In fact, I shouldn’t have any ability to help him at all, because I don’t even have the Pico 2 device. I try to help simply because I hope the other person can get some assistance on the platform, and perhaps something can be achieved with the help of LLM.

When the LLM initially received the question, it was very confident in providing its own answer and fix for the code, but I did not believe it at all, and I could not understand its answer. It turned out that my suspicion was correct; the answers initially given by the LLM were almost never right. Starting from Microzig’s sample code, I asked the LLM about the key differences between Pico 1 and Pico 2, and eventually obtained information from the key RP2350 document.
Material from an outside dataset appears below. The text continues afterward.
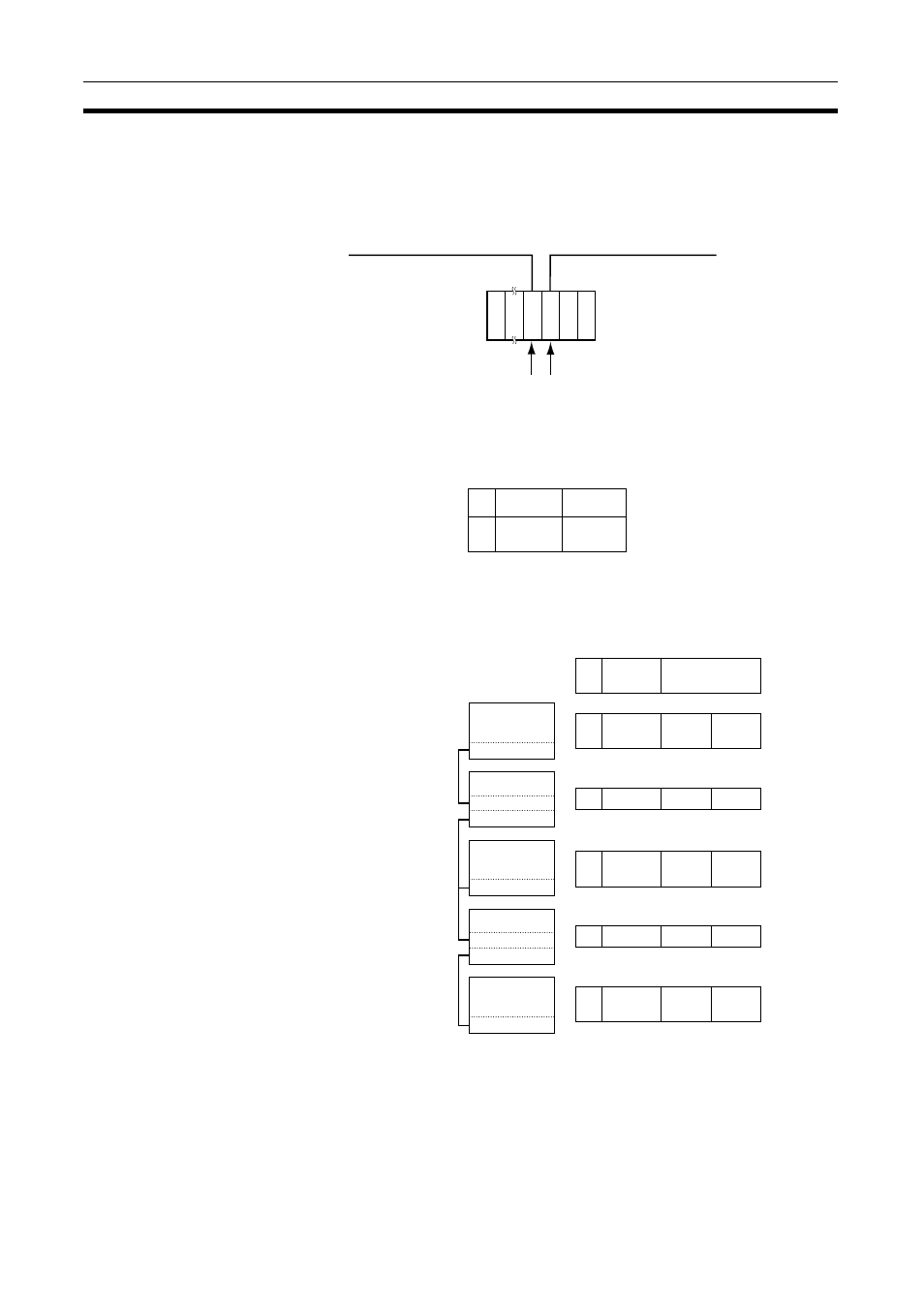 Routing table setting examples, 4-3 routing table setting examples | Omron CS1W-ETN21 User Manual | Page 149 / 285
The LLM had long indicated to me that the answer was in 5.9.5.1. Minimum Arm IMAGE_DEF, but I didn’t pay much attention to it at first. Instead, with the help of the LLM, I started reading the documentation from the beginning to confirm why the boot failed and triggered USB Boot mode. Only at the end did I independently confirm, based on the documentation, that this chapter is very helpful and should be the content the OP needs. Although the LLM also tried to provide its code fix, I did not adopt it because I didn’t have the conditions to test it.

This experience made me believe that LLMs can indeed help me accomplish things that were originally impossible. At the same time, getting some truly helpful results using LLMs is much more difficult than I imagined and still requires a lot of effort.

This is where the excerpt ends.